Close inspection of the Log Distance-Radius curves in Fig. 2 shows some deviations from the expected linear pattern of the power cascade. This is most obvious in the acrodont snake teeth, where the tooth fuses to the bone rather than sitting in a bony socket. The initial shaft of the tooth follows the power cascade model, but close to its base, the radius increases faster than expected, deviating from linear. This is likely due to additional widening of the dental epithelium at the base of the tooth to aid the fusion of the tooth to the bone in these snakes. Deviation from the power cascade pattern may also occur as the developing tooth is curved to fit within the jaw before mineralisation has occurred.

Another apparent cause of deviation from the power cascade is the presence of grooves running down part of the length of the tooth, such as those found in snake fangs (Fig. 2) and felid canines (Additional file 1: Figure S1). The infolding of the grooves reduces the cross-sectional area and so appears to cause deviation from the expected linear pattern.
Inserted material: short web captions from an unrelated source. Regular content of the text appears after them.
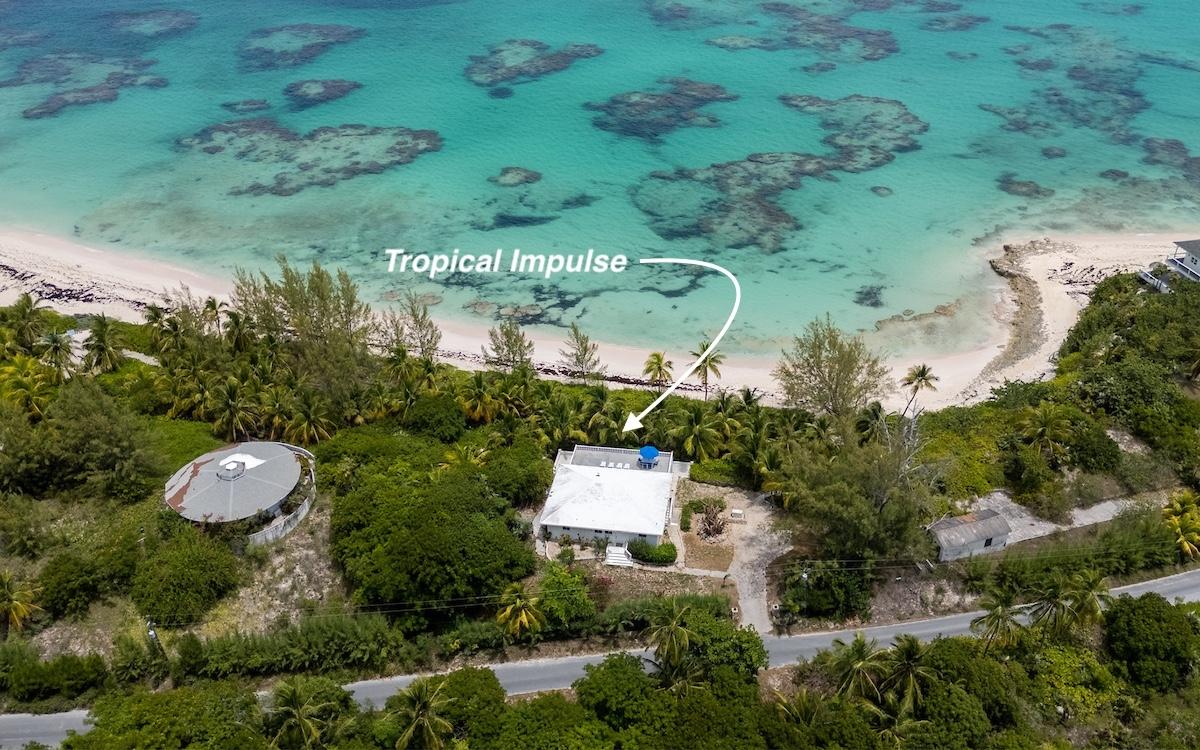 TROPICAL IMPLUSE BANKS RD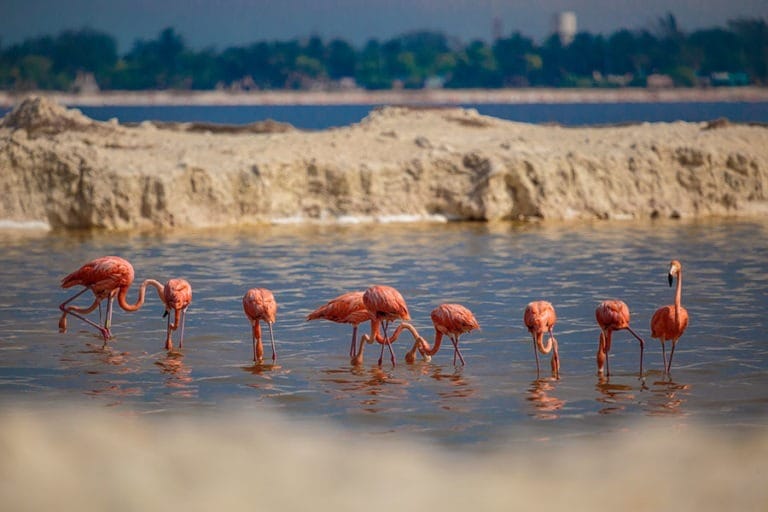Rio Lagartos Flamingoes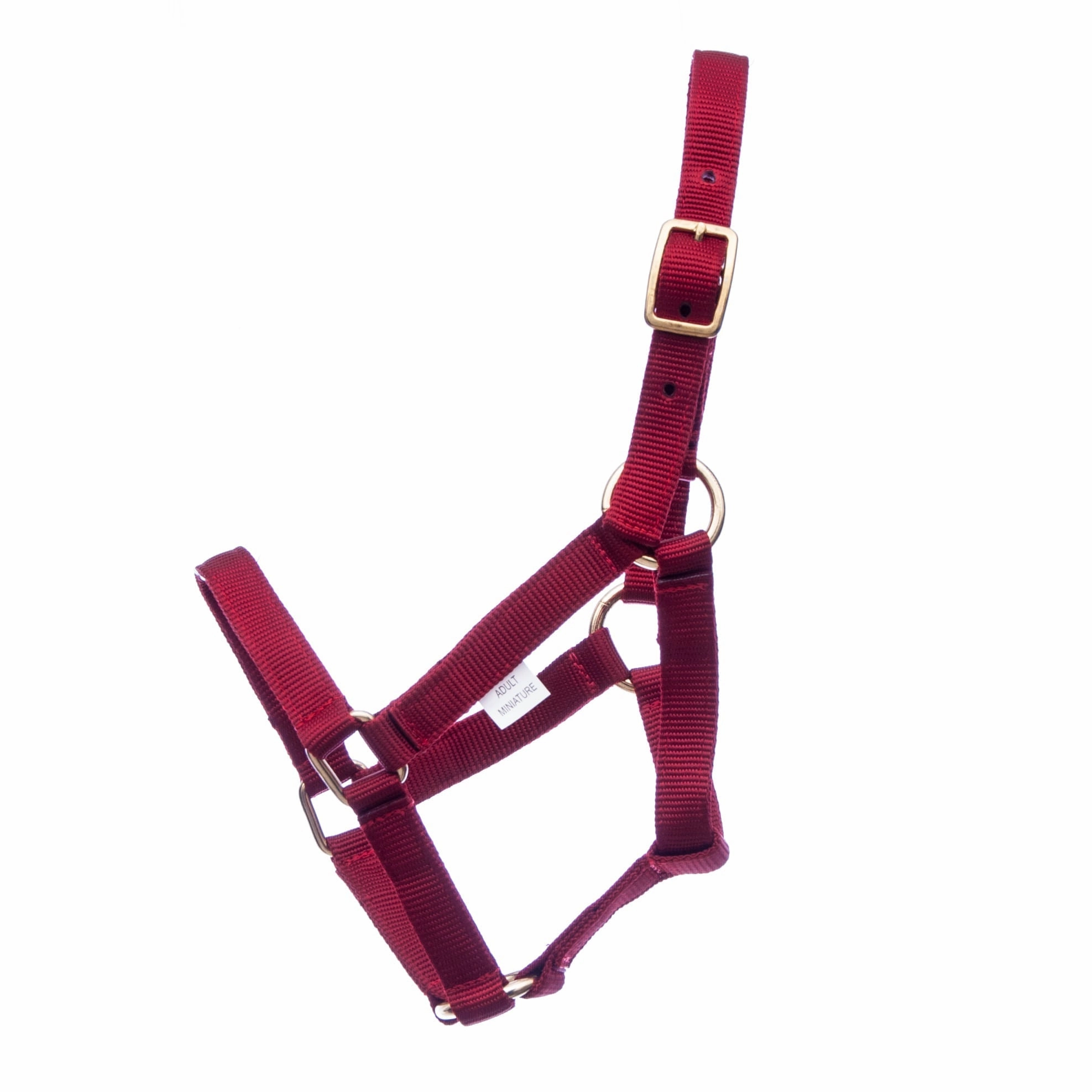 Jeffers Nylon Miniature Horse Halters, 2-Ply, 3/4"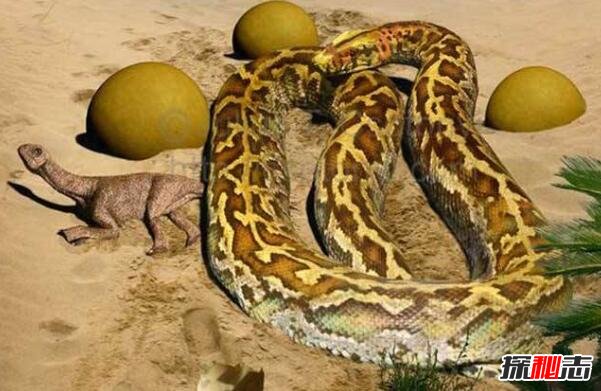 远古沃那比蛇是什么蛇，比泰坦蟒更凶的6米巨蛇(能吃恐龙)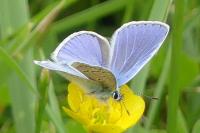 Polyommatus icarus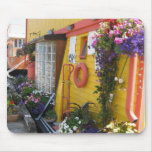 Funky house mousepad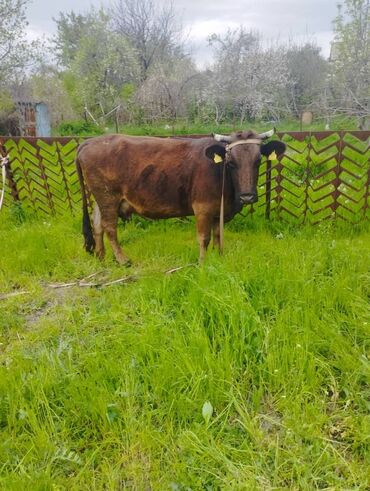 породистые коровы в бишкеке: Продаю | Корова (самка) | Алатауская | Стельные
Wear on the tip or lateral surface of the teeth will also cause deviation, and so slightly worn or broken teeth were only included where they could be confidently reconstructed.

Tooth shape is defined by power cascade morphospace of Slope and Aspect Ratio

Power cones can be considered self-similar curves in that all curves of the same power can be stretched or rescaled to be the same shape (using affine transformations of translation and scaling akin to self-affine fractals; Additional file 1: Figure S5). Therefore, the only distinguishing feature of teeth with the same Slope is the relative stretching of the curve, i.e. the Aspect Ratio, calculated as the maximum length divided by the maximum diameter (Additional file 1: Figure S2).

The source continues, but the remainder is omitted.